PRACTICE RESOURCES > Regulation/AUA Positions, Letters, and Talking Points > House Appropriations Committee Regarding NIH Funding

House Appropriations Committee Regarding NIH Funding

April 2, 2001

The Honorable Ralph Regula
Chairman, Subcommittee on Labor, Health and Human Services, Education and Related Agencies Committee on Appropriations
2358 Rayburn House Office Building
United States House of Representatives
Washington, D.C. 20515

Dear Mr. Chairman:

On behalf of the more than 9000 members of the American Urological Association (AUA) and the patients they serve, I am pleased to have the opportunity to submit our recommendations for fiscal year 2002 funding for urology research at the National Institute of Diabetes and Digestive and Kidney Diseases (NIDDK) and the National Cancer Institute (NCI). We are also recommending that the Centers for Disease Control and Prevention (CDC) receive additional funds to expand their efforts on prostate cancer.

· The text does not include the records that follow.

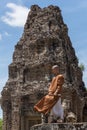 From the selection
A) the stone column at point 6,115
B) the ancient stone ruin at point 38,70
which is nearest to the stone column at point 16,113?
the ancient stone ruin at point 38,70

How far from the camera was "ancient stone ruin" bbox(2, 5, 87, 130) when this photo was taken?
3759 cm

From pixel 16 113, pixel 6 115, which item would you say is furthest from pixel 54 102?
pixel 6 115

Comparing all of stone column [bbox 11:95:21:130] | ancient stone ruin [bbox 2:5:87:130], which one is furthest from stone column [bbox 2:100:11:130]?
stone column [bbox 11:95:21:130]

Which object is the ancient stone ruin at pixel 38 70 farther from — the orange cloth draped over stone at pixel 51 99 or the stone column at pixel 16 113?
the orange cloth draped over stone at pixel 51 99

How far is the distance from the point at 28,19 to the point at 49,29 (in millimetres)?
3008

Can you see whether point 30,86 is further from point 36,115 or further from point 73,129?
point 73,129

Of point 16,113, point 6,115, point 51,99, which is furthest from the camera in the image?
point 6,115

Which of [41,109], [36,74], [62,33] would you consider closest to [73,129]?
[41,109]

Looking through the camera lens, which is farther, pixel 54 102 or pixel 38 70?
pixel 38 70

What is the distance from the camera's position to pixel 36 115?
120 feet

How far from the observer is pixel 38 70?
1534 inches

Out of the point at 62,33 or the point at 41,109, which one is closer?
the point at 41,109

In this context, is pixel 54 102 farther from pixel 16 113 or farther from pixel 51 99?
pixel 16 113

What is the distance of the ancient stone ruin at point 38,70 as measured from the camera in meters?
37.6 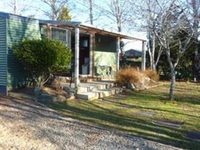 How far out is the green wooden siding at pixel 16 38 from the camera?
14.1 m

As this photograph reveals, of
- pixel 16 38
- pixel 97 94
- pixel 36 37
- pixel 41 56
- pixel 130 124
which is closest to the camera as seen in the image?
pixel 130 124

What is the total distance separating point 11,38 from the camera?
46.6 feet

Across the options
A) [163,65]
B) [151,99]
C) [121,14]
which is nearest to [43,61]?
[151,99]

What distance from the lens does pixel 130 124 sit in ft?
35.1

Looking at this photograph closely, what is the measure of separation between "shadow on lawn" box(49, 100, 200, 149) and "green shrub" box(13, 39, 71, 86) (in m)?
1.85

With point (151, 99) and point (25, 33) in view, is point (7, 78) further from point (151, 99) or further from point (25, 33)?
point (151, 99)

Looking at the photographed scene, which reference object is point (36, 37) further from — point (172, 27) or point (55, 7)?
point (55, 7)

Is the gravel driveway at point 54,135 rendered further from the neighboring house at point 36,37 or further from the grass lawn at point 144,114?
the neighboring house at point 36,37

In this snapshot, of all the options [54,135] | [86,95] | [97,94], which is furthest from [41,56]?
[54,135]

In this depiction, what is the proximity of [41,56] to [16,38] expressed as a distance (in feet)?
4.18

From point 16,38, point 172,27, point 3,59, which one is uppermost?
point 172,27

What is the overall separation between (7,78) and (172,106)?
594 cm

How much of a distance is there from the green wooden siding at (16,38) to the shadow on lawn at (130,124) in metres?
2.37

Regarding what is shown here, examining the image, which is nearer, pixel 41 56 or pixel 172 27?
pixel 41 56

On behalf of the AUA, I want to thank the Congress and this Subcommittee for the strong support of NIH and CDC. Last year we took another step toward doubling the budget for biomedical research. This was welcome news for the medical and scientific communities, and most importantly, for our citizens who will one day benefit from the results of this research. NIH is among our best investments, and the nation needs to strengthen its biomedical research infrastructure if we are to continue to improve the health of our citizens. This Subcommittee has been steadfast in its support of biomedical research and AUA greatly appreciates those efforts.

AUA joins its colleagues in One Voice Against Cancer (OVAC) in recommending a FY 2002 appropriations of $23.7 billion for the National Institutes of Health. This $3.4 billion increase will keep NIH on track with the goal of doubling its budget over five years.

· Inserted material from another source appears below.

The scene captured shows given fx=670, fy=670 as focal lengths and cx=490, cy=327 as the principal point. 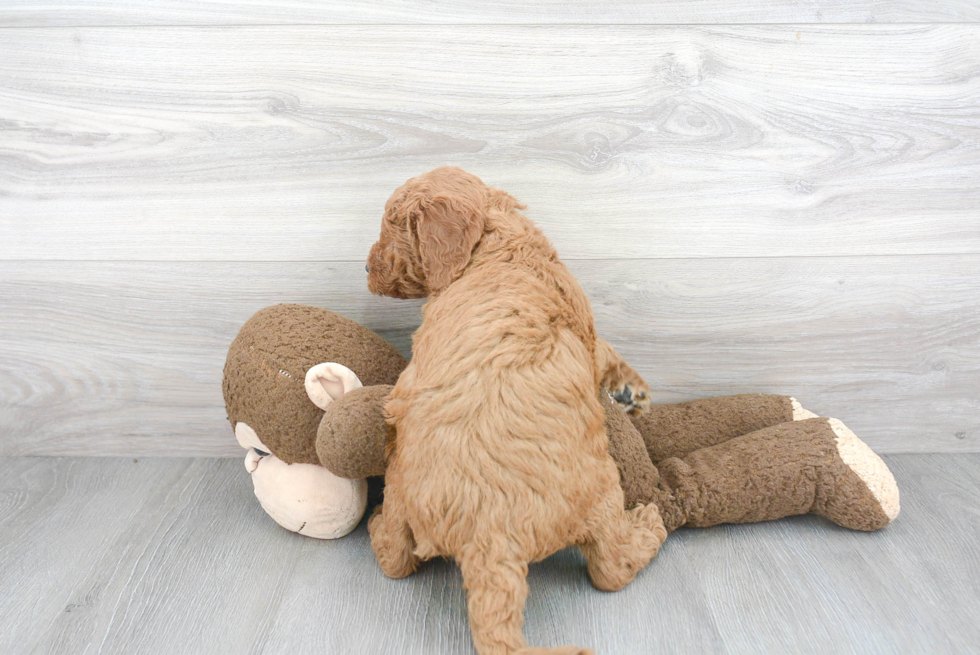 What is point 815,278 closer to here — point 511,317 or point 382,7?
point 511,317

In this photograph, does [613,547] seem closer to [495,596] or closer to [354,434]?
Answer: [495,596]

Urological diseases can affect anyone, from early infancy through the later years of life. As our population ages, the incidence and consequences of urologic disease will become more profound and a greater burden to individuals and society. Genito-urinary diseases and conditions result in estimated health care expenditures in the United States of nearly $50 billion each year. One third of all new cancers in 2001 will involve a urologic organ. Fifty percent of all new cancers in men are urologic in origin.

The effect of these diseases on minority populations and women is significantly greater than the overall effect on the entire population. For example, the incidence of prostate cancer among African American males is twice that of white men. Women suffer from urinary incontinence at twice the rate of men.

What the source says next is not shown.